Raz offers what we may take to be three tests for the dependence of reasons on value: (i) the possibility of akrasia, (ii) shaping the world to fit the attitude, and (iii) presumptive sufficiency. Here I will discuss only the second, as it is most vivid. If there’s value in the state of affairs of your having warranted attitudes, then this should be so whether this state of affairs came about as a result of shifting your attitudes to match the world, or by changing the world to match your attitudes. But this is absurd: if you feel fear, for example, there is nothing at all to be said for manipulating your situation to match your emotion by gratuitously exposing yourself to danger. Danger is a reason for fear, but fear is not a reason for (bringing about) danger. This asymmetry demonstrates that the reasons we have for feeling fear when in danger are adaptive reasons -- they do not assume that there is necessarily value in the combination of fear and danger.
Now that I have introduced Raz’s two distinctions, one might wonder about the degree to which they overlap. From my original example, we saw that epistemic reasons are standard and adaptive, whereas the non-epistemic reasons for belief are non-standard and practical. But not all standard reasons are adaptive reasons: sometimes warrant derives from value, as we find for example in reasons for action. If leaping into the air would produce great benefits, then I may follow this reason and rationally decide to leap. So that is an example of a standard practical reason. There may also be non-standard reasons for action, as we saw earlier in the case of prize money given to those who hop from non-pecuniary motives. (Note that this would also be a standard reason to bring it about that you hop, say by stabbing yourself in the foot. The latter is a reason you can follow without self-defeation.)

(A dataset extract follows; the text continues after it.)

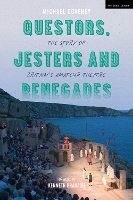 Book Cover for Questors, Jesters and Renegades by Michael Coveney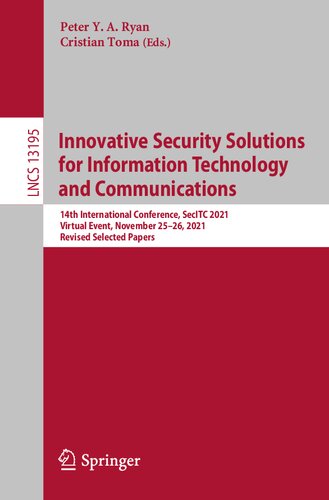 Innovative Security Solutions for Information Technology and Communications: 14th International Conference, SecITC 2021, Virtual Event, November ... Papers (Lecture Notes in Computer Science) (PDF/EPUB Version)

There is at least some overlap between the two distinctions, however, for there is no possibility of a non-standard adaptive reason. Non-standard reasons for an attitude are really just standard reasons for bringing about the attitude, and this places them firmly in the practical domain. We have seen that the other combinations are all possible, however:
(i) standard adaptive reasons, e.g. scientific evidence as a reason for belief, or evidence of danger as a reason for fear;
(ii) standard practical reasons, e.g. ordinary monetary rewards as a reason for action;
(iii) non-standard practical reasons, e.g. self-effacing rewards as a reason for action, or threat of parental disownment as a reason for belief.